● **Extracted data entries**
##########

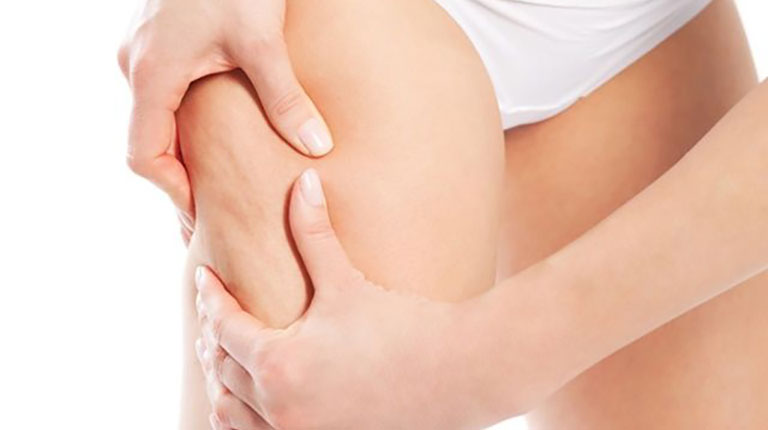 Retención de líquidos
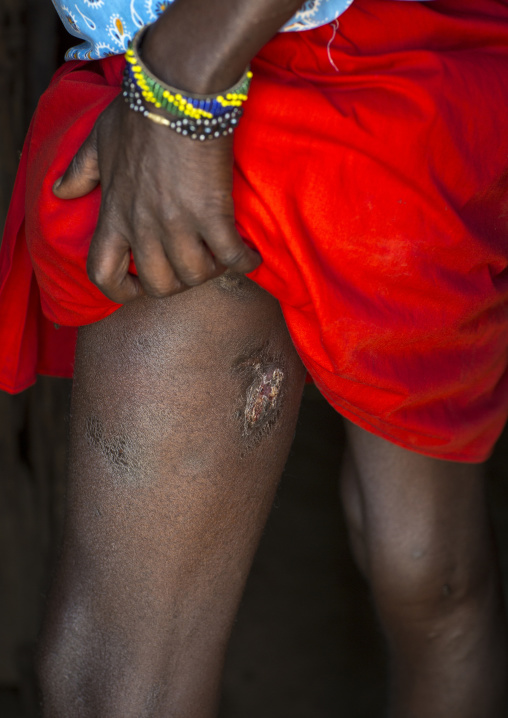 Maasai warrior showing wounds made by a lion on his leg, Nakuru county, Nakuru, Kenya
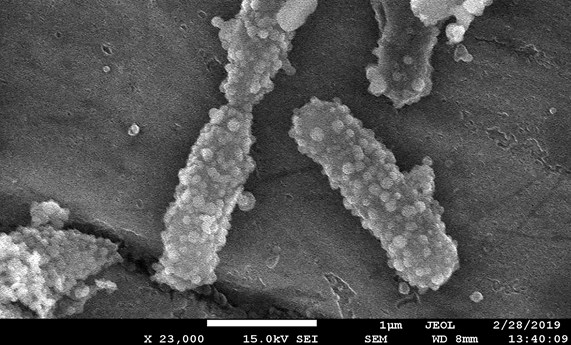 Bacterias para transportar nanopartículas cargadas con fármacos a tejidos tumorales
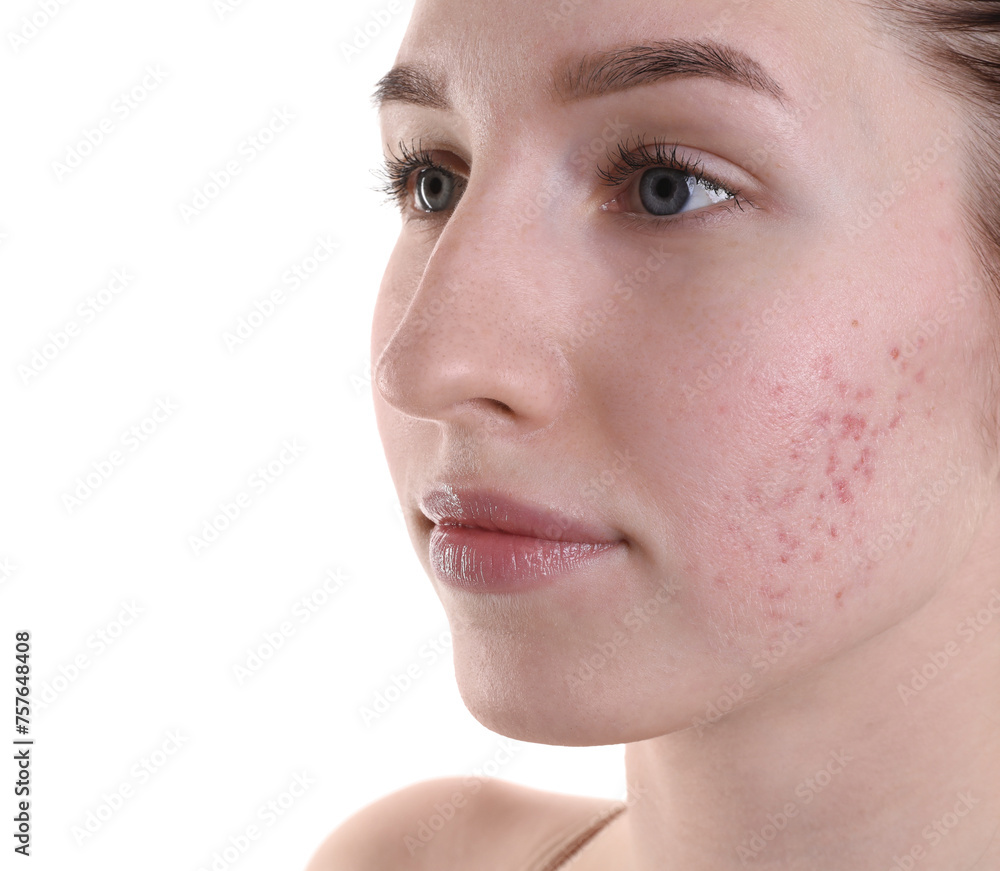 Obraz premium Young woman with acne problem on white background, closeup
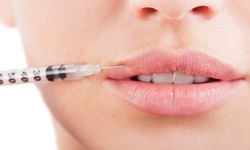 Enhancing Your Natural Beauty: Lip Augmentation in London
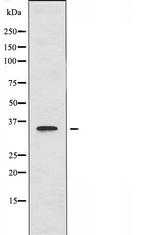 HTR5A Polyclonal Antibody
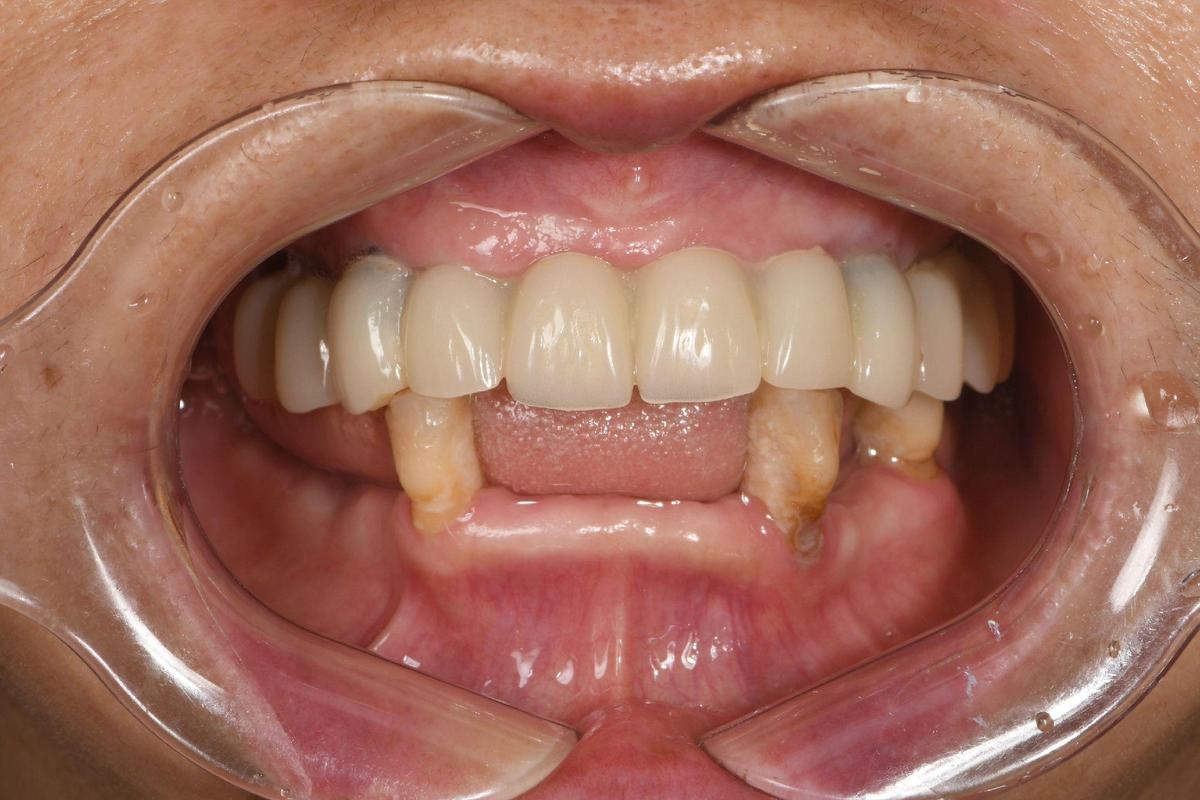 种植牙会导致下巴发紫吗?-图3 种植牙会导致下巴发紫吗?-图3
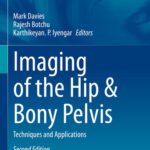 خرید و دانلود نسخه کامل کتاب Imaging of the Hip & Bony Pelvis: Techniques and Applications, Second Edition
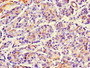 Immunohistochemistry of paraffin-embedded human pancreatic tissue using CAC09834 at dilution of 1:100 Immunohistochemistry of paraffin-embedded human pancreatic tissue using CAC09834 at dilution of 1:100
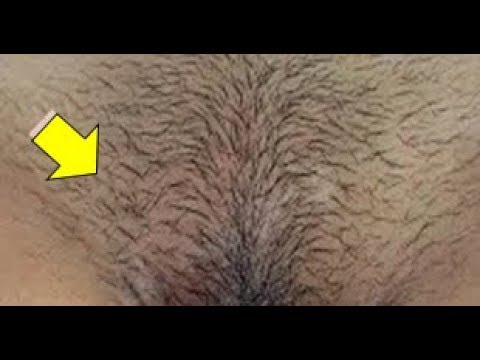 لايف ستايلشاهد: طريقة مُجربة لإزالة شعر العانة نهائيًا95293/0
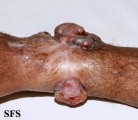 melanoma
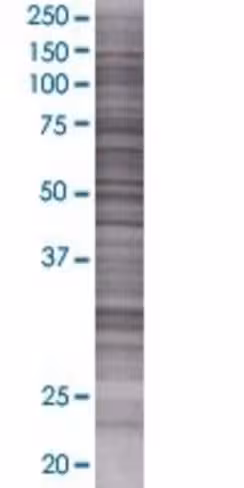 Odam 293t cell transient overexpres sion lysate (denatured) 100 µl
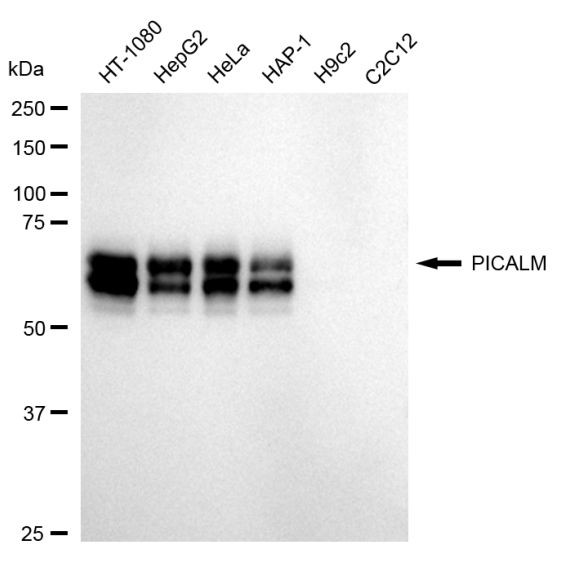 CALM Antibody in Western Blot (WB)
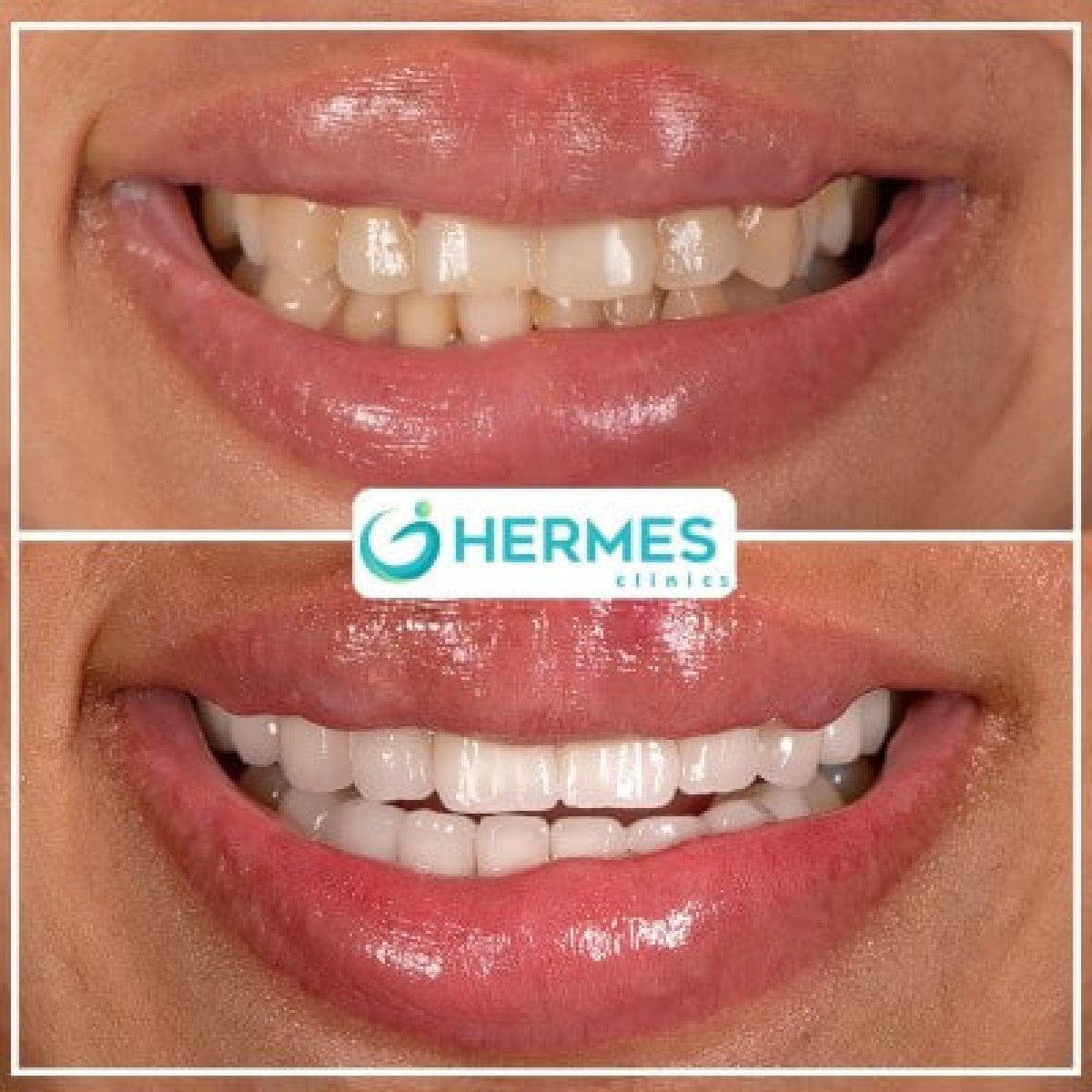 Antes y después de carillas dentales en Hermes Clinics: sonrisa más blanca y uniforme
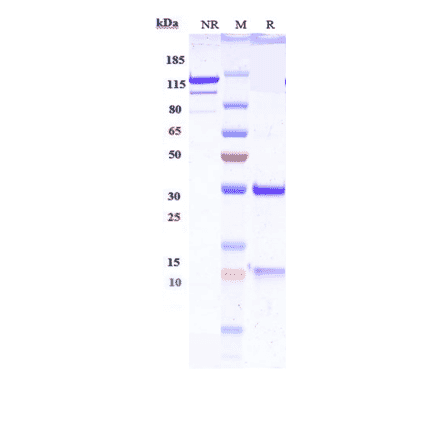 SDS-PAGE - Anti-IGF2 Antibody [DX-2647] - Low endotoxin, Azide free (A324068) - Antibodies.com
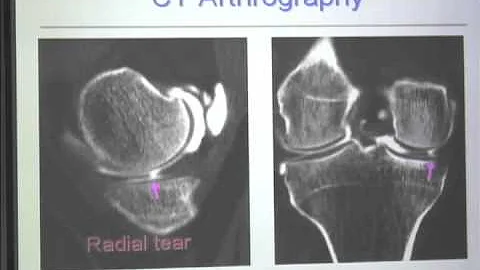 MRI of the Knee for the Practicing Orthopaedic Sur...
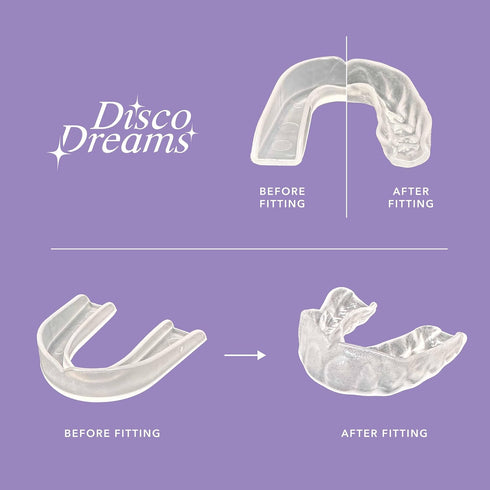 Disco Dreams 2 Pack Customizable Night Guard - Nighttime Relief from Teeth Grinding, at Home Fitting Experience for Nighttime Teeth Grinding & Cle...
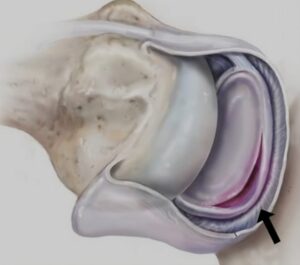 Reparo de Lesões do Labrum CEO Centro de Ortopedia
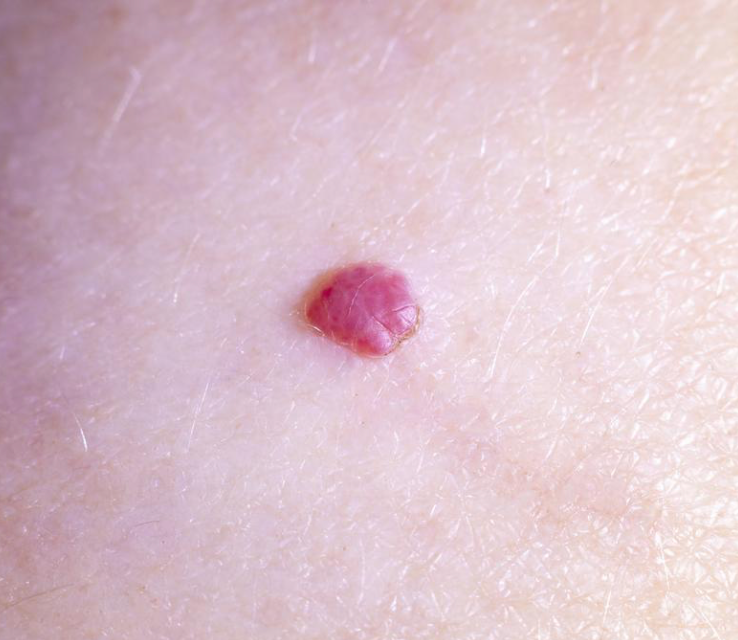 Doctor dermatólogo, Gratis, cdmx, especialista en la pien, dermatologo, pagina web, tarjeta digital para negocio, posicionamiento web, doctores en cdmx, el mejor dermatólogo de cdmx, Mexico, consultorio, consultorio medico opciones de doctores en Ciudad de México. Doctor dermatólogo, Gratis, cdmx, especialista en la pien, dermatologo, pagina web, tarjeta digital para negocio, posicionamiento web, doctores en cdmx, el mejor dermatólogo de cdmx, Mexico, consultorio, consultorio medico opciones de doctores en Ciudad de México.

##########

Look above for the line with "خرید و دانلود" and the line with "of 1:100 Immunohistochemistry"; set down those two lines and all lines between them exactly, without pictures and without anything else.

● **RESULT FOR THIS TASK**
 خرید و دانلود نسخه کامل کتاب Imaging of the Hip & Bony Pelvis: Techniques and Applications, Second Edition
 Immunohistochemistry of paraffin-embedded human pancreatic tissue using CAC09834 at dilution of 1:100 Immunohistochemistry of paraffin-embedded human pancreatic tissue using CAC09834 at dilution of 1:100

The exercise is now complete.